Mysteries at my feet, and all around.
I strode to the drawers, counted three in from the corner and pulled on the smooth, cold handle.
Inside were a dozen master spools of thread, each filled with glassy silver strands of different thickness. Filum Vitae, or life thread. It was my dad’s concoction, made of the minerals and organic matter that filtered from the soil and river to spin out here—nanowitchery and devilry included.
Next to the threaded spools were empty wooden bobbins. I hooked the heaviest threads into the notch of two bobbins.
I pressed my thumb on the button on the side of the drawer, engaging the machinery. Bobbins spun, filling with thread from the master spools. As soon as the bobbins were fat I let go of the button and a diamond-edged blade cut the threads.
I put the bobbins in my pocket and gathered up a sheet of needles, surgical scissors, and clamps.
Most of my knowledge of how to use my father’s medical supplies was taught to me by Quinten, the genius that he was, whose hand at stitchery was even finer than Dad’s. Over the years he’d left for months at a time, leaving me to repair the beasts Dad had pieced together. Leaving me, sometimes, to repair myself.

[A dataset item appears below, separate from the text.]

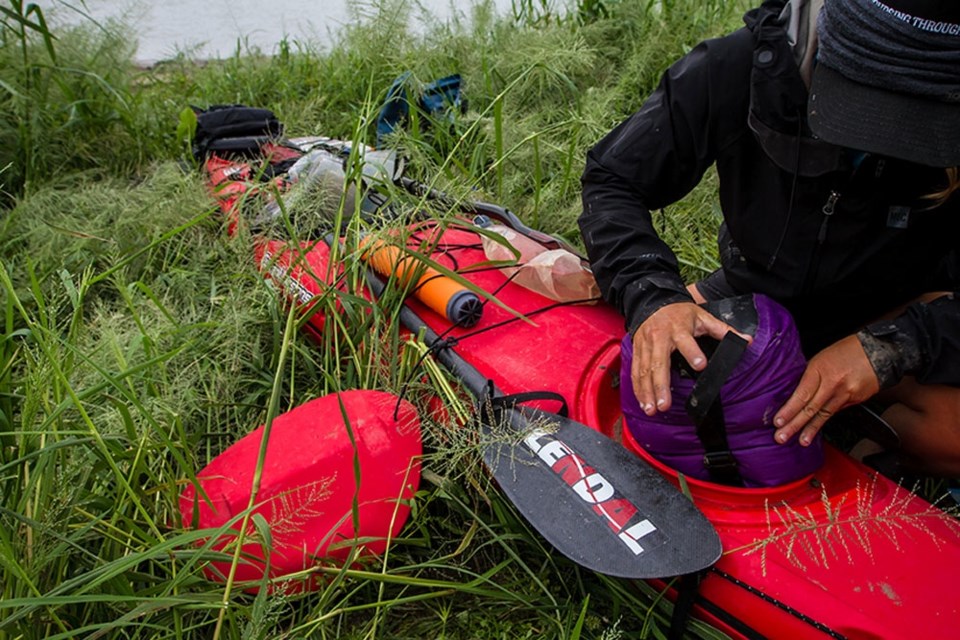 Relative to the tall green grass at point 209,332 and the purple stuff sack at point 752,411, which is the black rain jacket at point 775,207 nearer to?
the purple stuff sack at point 752,411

I was human—I ate, drank, laughed, and cried. I’d grown from a baby to a girl. Then I’d gotten sick and almost died.
Quinten had spoken of it only once over a bottle of moonshine he’d gotten for repairing the Phersons’ radio. When I’d almost died, I’d been eight, and he’d been thirteen. He’d stolen me out of bed when Mom and Dad weren’t looking, and with that genius mind of his, he’d done . . . something to me.
Made it so my memories, my soul, and all the me of me were picked up and transplanted into the sleeping mind of one of Dad’s hidden experiments: a stitched-together girl child who had been sleeping for a couple hundred years.
Dad had been furious. Mom had been horrified. But shortly thereafter, my original body failed and my stitched body survived.
With me in it.
I was our biggest secret: the real monster the outside world would tear apart if found.
So, yes, I was human. But I wasn’t only human, since the sleeping girl’s body was a remnant from a failed experiment that had happened so long ago, she’d been forgotten. Dad had smuggled her out when he left House White.
Good thing for me that he did.
I shut off the light, jogged the stairs, closed the hatch, and traded the dampness and memories for the warming light of day.
The whine of a drone engine high above made me walk a little faster.
That wasn’t good. The farm wasn’t on any of the flight paths of low-level crafts or drones. We were a pocket of nowhere surrounded by the bustling cities of everywhere.
I knew it wasn’t a coincidence to hear an engine up in the blue above me today, of all days.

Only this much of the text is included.